The American Friends of the Palazzo Ducale Genoa association was established in 2020 with the aim of spreading information among the American public about the exhibitions and other cultural activities put on by the Wolfsoniana and Palazzo Ducale and financially supporting their projects, as well as establishing a collaborative exchange with the Wolfsonian-Florida International University and other museums, foundations and educational institutions in the United States.

President
Wolfson Jr, Mitchell

Vice President
Hughes, Michael

Secretary
Barisione, Silvia

Treasurer
Miano, Lou

Honorary Director
Reinhardt, Aurelia


Currently exposed at the Wolfsoniana Museum

A painting Nicolò Garaventa and the young “garaventini” in the Redemption training ship by Domingo Motta (Genoa 1872-1962) – an artist whose evocative 1898 work, Lo spaccapietre (The Stonebreaker), inspired by the stylistic and iconographic models of nineteenth-century social realism, already has a place in the Wolfsoniana.

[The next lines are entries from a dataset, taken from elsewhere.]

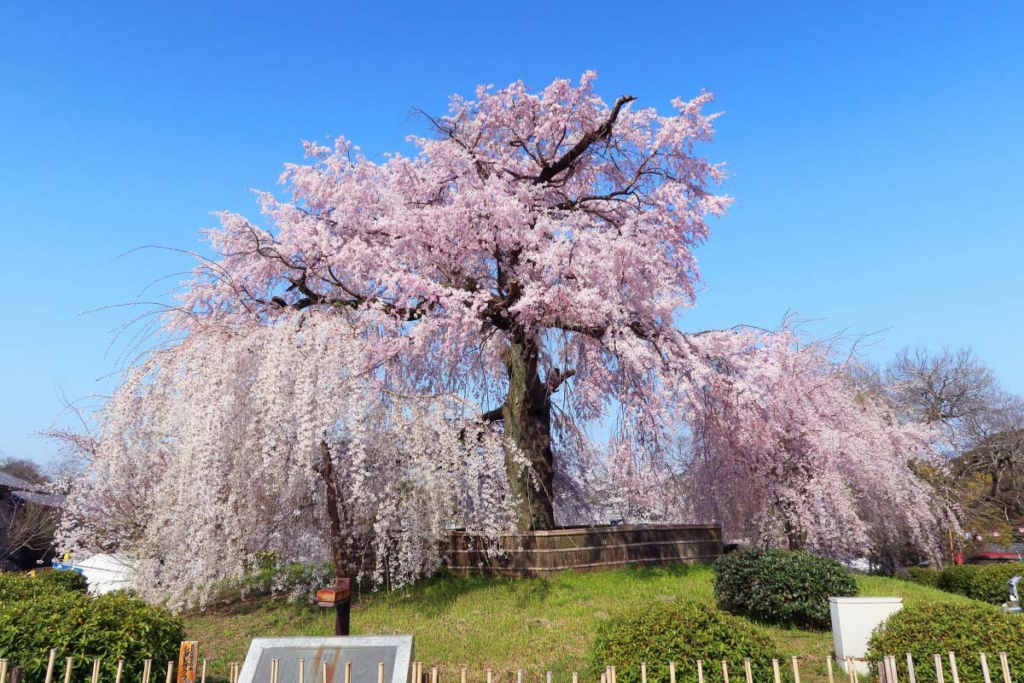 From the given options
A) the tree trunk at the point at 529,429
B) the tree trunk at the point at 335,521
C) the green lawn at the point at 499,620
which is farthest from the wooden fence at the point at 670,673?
the tree trunk at the point at 529,429

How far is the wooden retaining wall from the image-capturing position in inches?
498

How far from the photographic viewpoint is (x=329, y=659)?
5.69 metres

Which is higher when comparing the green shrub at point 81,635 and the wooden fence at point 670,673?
the green shrub at point 81,635

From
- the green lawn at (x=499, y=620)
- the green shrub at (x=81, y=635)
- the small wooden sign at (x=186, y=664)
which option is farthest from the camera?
the green lawn at (x=499, y=620)

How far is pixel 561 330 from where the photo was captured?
45.1ft

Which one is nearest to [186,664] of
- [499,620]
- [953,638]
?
[499,620]

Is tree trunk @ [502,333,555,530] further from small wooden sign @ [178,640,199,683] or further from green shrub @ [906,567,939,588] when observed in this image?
green shrub @ [906,567,939,588]

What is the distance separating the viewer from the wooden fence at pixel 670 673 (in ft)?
18.3

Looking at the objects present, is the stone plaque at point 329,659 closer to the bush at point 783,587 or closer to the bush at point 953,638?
the bush at point 953,638

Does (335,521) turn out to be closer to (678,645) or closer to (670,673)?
(678,645)

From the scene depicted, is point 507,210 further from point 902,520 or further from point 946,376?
point 946,376

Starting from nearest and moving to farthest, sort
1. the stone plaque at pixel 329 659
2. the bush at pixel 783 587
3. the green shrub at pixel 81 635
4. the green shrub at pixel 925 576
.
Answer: the stone plaque at pixel 329 659 → the green shrub at pixel 81 635 → the bush at pixel 783 587 → the green shrub at pixel 925 576

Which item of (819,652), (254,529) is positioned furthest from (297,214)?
(819,652)

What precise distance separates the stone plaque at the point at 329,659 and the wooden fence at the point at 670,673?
0.02 m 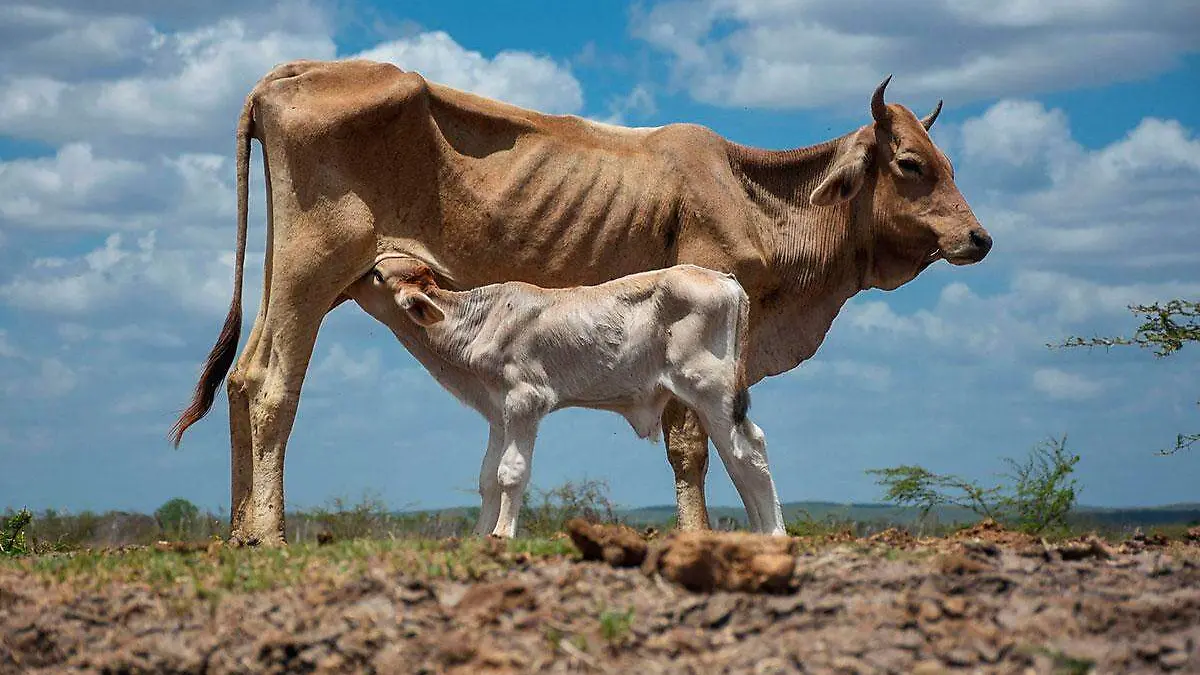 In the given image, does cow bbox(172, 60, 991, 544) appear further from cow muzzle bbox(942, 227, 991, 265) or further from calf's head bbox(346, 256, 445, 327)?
calf's head bbox(346, 256, 445, 327)

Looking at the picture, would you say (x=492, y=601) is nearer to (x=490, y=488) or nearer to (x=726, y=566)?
(x=726, y=566)

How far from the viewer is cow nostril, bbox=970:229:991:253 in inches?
583

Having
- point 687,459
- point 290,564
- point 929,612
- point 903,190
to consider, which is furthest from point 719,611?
point 903,190

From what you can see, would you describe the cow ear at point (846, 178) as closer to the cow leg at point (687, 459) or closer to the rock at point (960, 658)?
the cow leg at point (687, 459)

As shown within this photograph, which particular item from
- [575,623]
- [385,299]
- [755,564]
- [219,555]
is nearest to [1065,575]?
[755,564]

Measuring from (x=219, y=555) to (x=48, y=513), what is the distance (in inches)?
445

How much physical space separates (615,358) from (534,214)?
2.95 m

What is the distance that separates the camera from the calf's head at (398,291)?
38.2 feet

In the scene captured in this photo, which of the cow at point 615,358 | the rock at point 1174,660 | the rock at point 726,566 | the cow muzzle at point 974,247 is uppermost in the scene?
the cow muzzle at point 974,247

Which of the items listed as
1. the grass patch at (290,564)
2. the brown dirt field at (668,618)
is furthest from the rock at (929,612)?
the grass patch at (290,564)

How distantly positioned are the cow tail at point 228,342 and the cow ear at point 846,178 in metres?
5.30

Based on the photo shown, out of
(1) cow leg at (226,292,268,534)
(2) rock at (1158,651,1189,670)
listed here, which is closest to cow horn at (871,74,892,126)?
(1) cow leg at (226,292,268,534)

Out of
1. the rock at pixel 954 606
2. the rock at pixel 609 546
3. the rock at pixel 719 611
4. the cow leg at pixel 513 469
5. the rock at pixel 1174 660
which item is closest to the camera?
the rock at pixel 1174 660

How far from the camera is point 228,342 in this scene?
47.2 feet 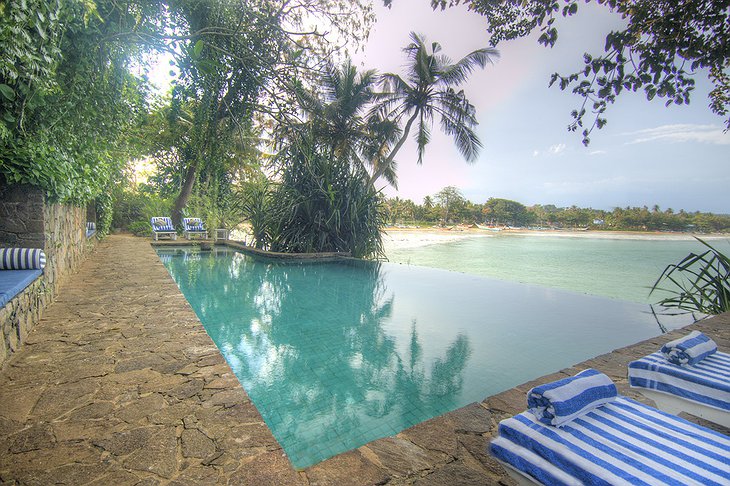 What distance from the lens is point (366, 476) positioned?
A: 134 cm

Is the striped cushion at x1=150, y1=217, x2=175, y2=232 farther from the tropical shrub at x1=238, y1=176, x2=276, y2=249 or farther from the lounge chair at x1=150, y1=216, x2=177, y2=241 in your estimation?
the tropical shrub at x1=238, y1=176, x2=276, y2=249

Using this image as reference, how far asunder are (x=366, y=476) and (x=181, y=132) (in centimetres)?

The monumental painting Nicolò Garaventa and the young “garaventini” … was presented at the Italian General Exhibition held in Turin in 1898 and was most probably made on commission. It documents one of the most fascinating episodes of Genoese philanthropy: the story of the educationalist and benefactor Nicolò Garaventa who received as a gift from Umberto I the brigantine of the Sardinian Navy Daino (later renamed Redenzione), which he then fitted out as a facility for rehabilitating disadvantaged young people.


A painting Lights of War (1918) by Federico Maragliano (Genoa 1873-1952), a Genoese painter celebrated for his accurate depictions of landscapes, is an invaluable iconographic record of the anti-aircraft defences set up in the Ligurian capital during the First World War to forestall the attacks it was feared would destroy Genoa’s port infrastructure and, in particular, Ansaldo’s military-industrial plants.


A painting by Giovanni Costantini (Rome 1872 – 1947) The Mother (1921) makes part of the series Lacrime di guerra, created by the artist after the end of the First World War: a heartbreaking pictorial protest of the horrors of a global conflict, in which for the first time the world powers clashed using the deadly technology of modern weapons. The painting depicts a woman in a factory assembling a bullet. The image, treating the modern themes – feminist and patriotic, shows the contradictory nature of this action: the woman, who is about to give birth to a new life, participates in the production of a weapon of death.